**RECORDS FOR THIS EXERCISE**
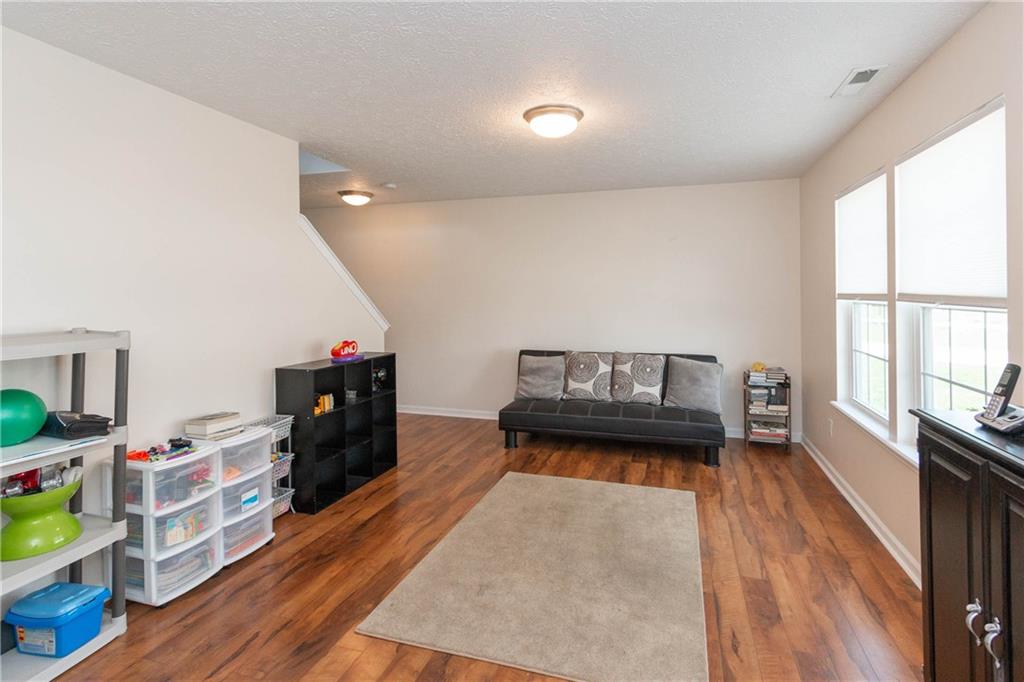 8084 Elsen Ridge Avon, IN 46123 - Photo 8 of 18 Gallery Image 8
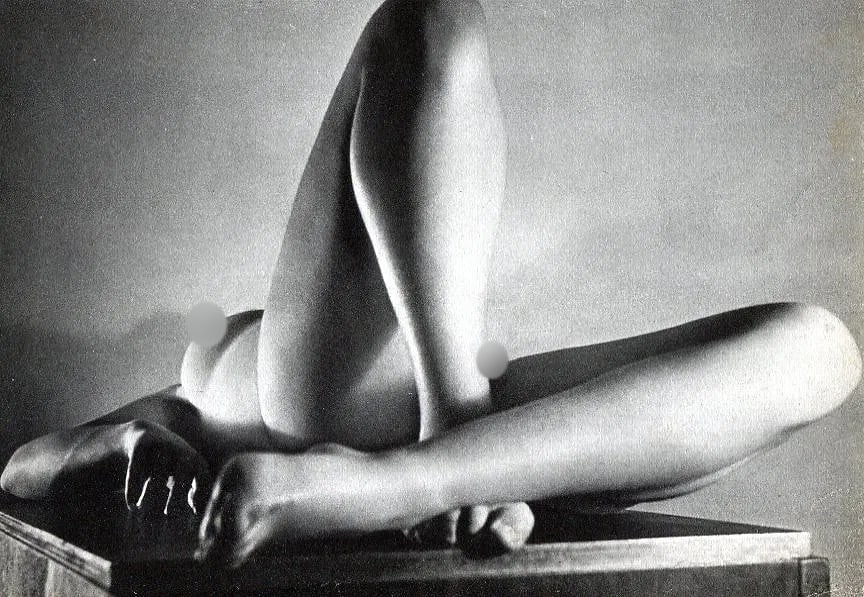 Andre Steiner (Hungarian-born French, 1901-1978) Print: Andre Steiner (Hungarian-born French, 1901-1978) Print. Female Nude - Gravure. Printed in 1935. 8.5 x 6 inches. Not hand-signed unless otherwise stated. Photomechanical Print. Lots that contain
==
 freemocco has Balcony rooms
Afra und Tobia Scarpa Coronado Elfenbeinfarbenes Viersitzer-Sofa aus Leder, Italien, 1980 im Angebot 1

**YOUR INSTRUCTIONS**
Output only the stretch above from the line with "8084 Elsen Ridge" through the line with "Andre Steiner (Hungarian-born French, 1901-1978) Print: Andre", reproduced exactly. Exclude pictures.

**THE ANSWER**
 8084 Elsen Ridge Avon, IN 46123 - Photo 8 of 18 Gallery Image 8
 Andre Steiner (Hungarian-born French, 1901-1978) Print: Andre Steiner (Hungarian-born French, 1901-1978) Print. Female Nude - Gravure. Printed in 1935. 8.5 x 6 inches. Not hand-signed unless otherwise stated. Photomechanical Print. Lots that contain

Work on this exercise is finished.